Cronaca

Fusione piccoli Comuni
la chiedono in 58
ma nessuno del cremonese

Non c’è nessun comune della provincia di Cremona tra quelli che si autopropongono per la fusione al fine di migliorare i servizi e diminuire i costi della pubblica amministrazione. I 115 comuni della provincia di Cremona, un numero altissimo, che include molti micro – comuni che non superano i 500 abitanti, sono perfetti  esempi di campanilismo duro a morire. “Stamani in Consiglio  – afferma il consigliere regionale  Agostino Alloni – abbiamo detto di sì a ben 18 richieste di fusione di piccoli comuni. Ora si faranno i referendum e gli elettori decideranno. In totale saranno 58 quelli che si metteranno insieme. Nessuno in provincia di Cremona. Credo invece che anche qui da noi si deve andare in questa direzione. Qualche esempio? Pianengo con Campagnola e Cremosano! Montodine con tutte e tre le Ripalte e Moscazzano!! Motta e Scandolara….Che ne dite? Forse non lo sapete ma se il Sindaco o il Consiglio non sono d’accordo la richiesta può essere fatta dai cittadini; naturalmente la metà più uno degli elettori!”.
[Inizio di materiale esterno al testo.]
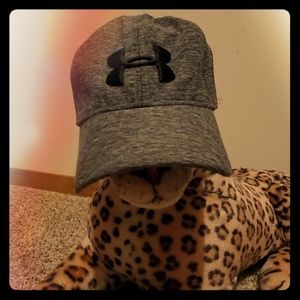 Men's MD/LG Under Armour Hat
I 58 comuni coinvolti si trovano nelle province di Bergamo, Como, Lecco, Mantova (qui la proposta riguarda Virgilio e Borgoforte), Pvia, Sondrio e Varese. Prevista dalla nostra Costituzione, la fusione consiste in un processo di accorpamento e soppressione di più Comuni preesistenti e finalizzato ad istituire un nuovo Comune (con una denominazione nuova, che sarà anche questa oggetto del quesito referendario) col duplice obiettivo di ridurre i costi della macchina amministrativa e allo stesso tempo migliorare i servizi erogati ai cittadini. Dopo i referendum l’iter della fusione prevede l’eventuale formalizzazione di un progetto di legge da sottoporre al parere degli Enti locali interessati e al voto del Consiglio regionale.
Ampio il dibattito sviluppatosi attorno all’intervento del capogruppo della Lega Nord Massimiliano Romeo, che chiedeva di attendere i pareri delle Province e delle Comunità montane prima di procedere. Il dubbio procedurale è stato sciolto con una nota degli uffici legislativi che hanno confermato che la “circostanza che i pareri non siano ancora pervenuti non osta alla deliberazione del Consiglio regionale sulle proposte di referendum”. “Il voto odierno – ha precisato Romeo, Lega Nord – non è un voto favorevole alla fusione, ma è un atto dovuto ai fini di consentire alle popolazioni coinvolte di esprimere le proprie intenzioni attraverso un referendum.  Non siamo contrari a un provvedimento che abbiamo sostenuto anche in Commissione. Solo preferivamo sentire Province e Comunità montane prima di votare”. I relatori delle proposte, i pidiellini Giulio Gallera e Stefano Carugo hanno sottolineato l’importanza di un voto celere. Dare il via libera a questi provvedimenti – ha sottolineato Fabio Pizzul (PD) – significa rispettare la volontà dei cittadini e delle stesse amministrazioni che chiedono di fondersi perché hanno strutture e costi non sostenibili”. “Avremmo preferito – ha detto Stefano Bruno  Galli (Lista Maroni) – sentire il parere degli enti locali visto che la fusione è certamente lo strumento migliore, perché premette una consultazione popolare, ma resta comunque una misura da utilizzare con equilibrio e delicatezza”. Per Dario Violi (M5S) “Non si può immaginare di votare contro perché oggi non entriamo nel merito della fusione ma decidiamo solo sull’indizione del referendum per conoscere l’opinione dei cittadini”.
Durante il dibattito sono intervenuti anche i Consiglieri regionali Anna Lisa Baroni e Alessandro Fermi (PDL), Pietro Foroni (Lega Nord), Fabio Angelo Fanetti e Lino Fossati (Lista Maroni), Alessandro Alfieri, Enrico Brambilla e Corrado Tomasi (PD), Paola Macchi (M5S).